At any rate, I did not actually abandon Notepad++ over this; I just moved the batching process out of npp and into AutoHotkey, where I mostly automated the one-string-at-a-time pasting process into npp. If I did it one term at a time, there weren’t any problems.
The thing that brought me back to this thread, actually, was a more thorough bug report, with sample files that can be used (at least on my install) to reproduce the issue. It has something to do with the “Replace All” function. I nailed it down with these Lao files I’m currently working on. If I watch every single “Replace” operation, every one works without issue. If I do a “Replace All” with dozens of terms in Spanish or Italian or whatever, it goes off without a hitch. But if I do a Replace All in Lao or Arabic, Very Weird Things happen. Large chunks of non-matching text vanish during a Replace All, in my Lao file right here.
Okay! I’ve installed the plugin, I’ve installed your script, and massaged my data into your data format (I really don’t get Python, what are all of those "r"s for?) and ran the script. I get this on the console:
SyntaxError: Non-ASCII character '\xe0' in file C:\Users\Yah Shoor\AppData\Roaming\Notepad++\plugins\Config\PythonScript\scripts\TranslationBot.py on line 2, but no encoding declared; see http://python.org/dev/peps/pep-0263/ for details
So I dutifully followed the link, where I read:
"In Python 2.1, Unicode literals can only be written using the Latin-1 based encoding “unicode-escape”. This makes the programming environment rather unfriendly to Python users who live and work in non-Latin-1 locales such as many of the Asian countries. "I then modified your script to declare UTF-8 in the header:
# -*- coding: utf-8 -*-
which seems to do the trick.
-
@house-emptier said in Problems with bidirectional text & find/replace:
what are all of those "r"s for?
r'...'
marks the string as “raw strings” – which means that backslashes and the like will be left as backslashes, rather than as Python escape sequences. (Needed if your translation regex has a\
in it somewhere, so that the regex engine gets the backslashed text, rather than whatever Python might turn it into)I then modified your script to declare UTF-8 in the header … which seems to do the trick.

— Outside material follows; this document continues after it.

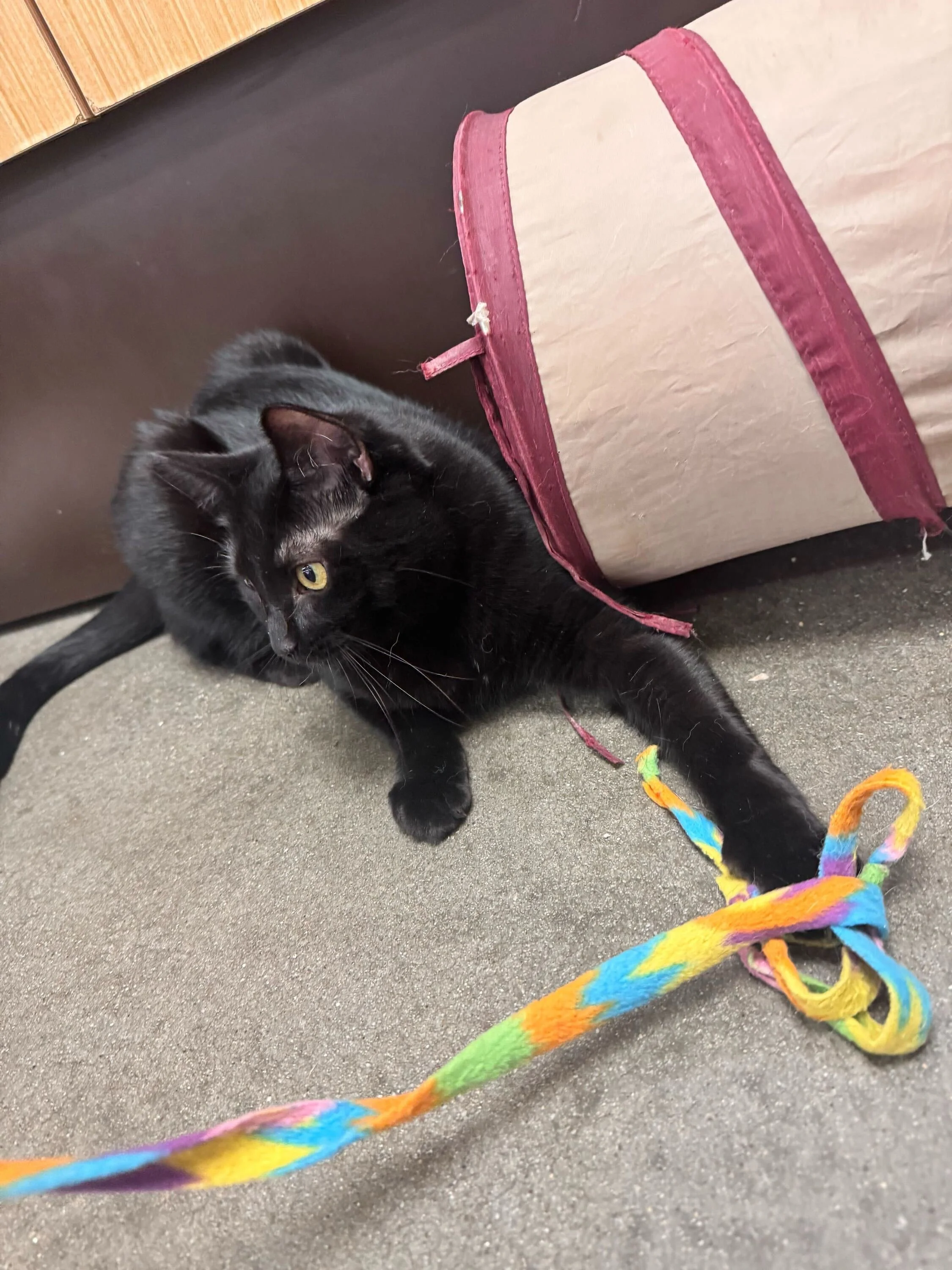 Image from iOS (7).jpg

Weird, PythonScript’s Python 2.7 has always recognized my
# encoding=utf-8
variant of the header just fine for me (I am not a Python language expert, and I couldn’t immediately find the reference to link you to, but I know that my form of the encoding header has worked correctly for me – even with the exact script I pasted above). I’m not sure why the error shows up on “line 2” in your error message, because line 2 is part of the docstring – I wonder if you just didn’t see that first line when you scrolled the black box. But I’m glad changing the header worked for you.which seems to do the trick.
… which I hope also means that the script does what you need it to. If so, Great!
-
According to http://python.org/dev/peps/pep-0263/, your encoding line matches the given regex’s group 1 with
utf-8
which certainly seems fine to me.I think you are saying that eventually you got the script to work, but that Notepad++'s Replace All still doesn’t work correctly in the circumstances you describe, correct?
-
@alan-kilborn That is correct. I can successfully use Notepad++ to do my find/replace task… IFF I watch every term get replaced. If I use Replace All, with a long “Replace with…” string that has complex/SE Asian script in it, then there seems to be some kind of greediness problem that leads to non-matching text being deleted.

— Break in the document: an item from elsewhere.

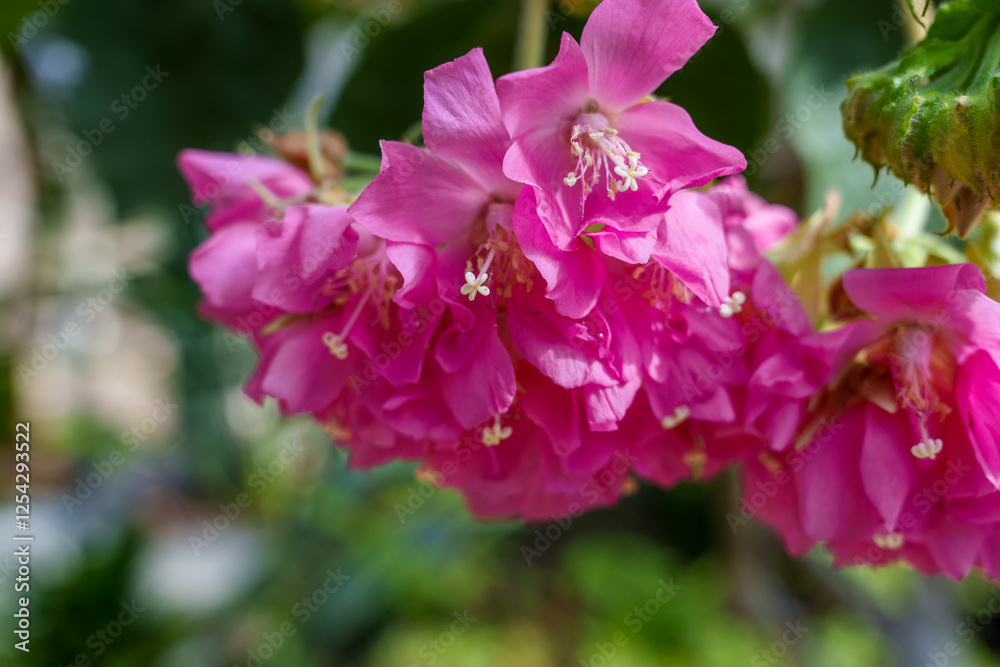 Close-up photo of blooming pink Dombeya wallichii flowers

@peterjones Yes, thanks for posting that Python script, it was very useful, and I was able to use it to skip a whole bunch of manual copy/pasting. Anyhow, w/r/t the Unicode declaration in the header: I see it now, the problem was between my chair & my keyboard. I think I deliberately excluded your discussion that was surrounded by triple quotes, which I’m guessing is the Python code-comment convention? … Yep, it is! So when I copied your code, I purposefully skipped all of your discussion-in-comments, so I missed the header entirely, due to my Python ignorance.
-